Friday, November 14, 2014

The mind and the body in (forensic) psychiatry

Throughout the history of human thought, few other distinctions have evoked so much controversy as the one between the mind and the body. In the DSM-IV-TR, it was regretted that the term “mental disorder” emphasizes mental as something distinct from physical, which is regarded as an “anachronism of mind/body dualism” (APA, 2000, p. xxx).

Causation is key to understand the relation between the mind and the body. The body influences the mind (most clearly shown by drug effects), but the jury is still out on whether the mind can influence the body. 

Material determinists deny that it can, mainly based on the lack of a reasonable mechanistic explanation. 

Bi-, or rather multi-directional causation body>mind>body>mind etc, is, however, indicated by e.g. real-life experiences of acts of will, the placebo effect and the influence of expectations on health.

This conflict partly stems from epistemology. The mind is considered in terms of “experience”, “knowledge”, and “being” that are distinct from how the brain and its physiological processes are conceived of. Different types of knowledge are difficult to join in a common model, even if the clinical psychiatrist approaches a person who happens to have a body and a mind.

And different ways of aquiring knowledge do not exclude that information refer to the same underlying phenomenon. 

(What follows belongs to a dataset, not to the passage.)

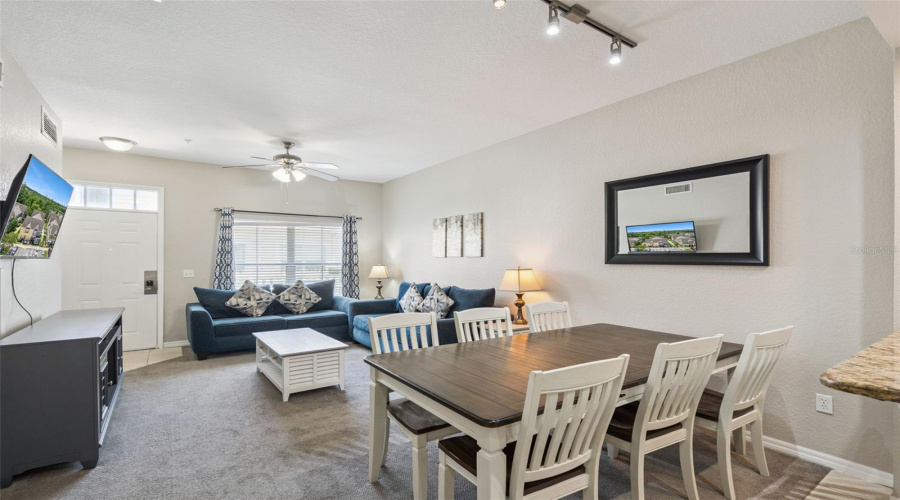 KISSIMMEE, Florida 34746, 3 Bedrooms Bedrooms, ,2 BathroomsBathrooms,Residential,For Sale,YELLOWGOLD,0,MFRS5152771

Just as a notion of beauty may be applied to the same body that is scientifically examined as an organism, and perhaps to some extent even be causally determined by it (correlations between notions of beauty and physiological processes may be assumed), it is obvious that notions of beauty and of physiology operate according to different epistemological premises. The means by which we decide upon aesthetical matters are not the same as those we use in the natural sciences, nor are the concepts used in the different contexts inter-translatable in a straight-forward sense. The use of a plurality of concepts and methods does not in itself imply a plurality of real world items.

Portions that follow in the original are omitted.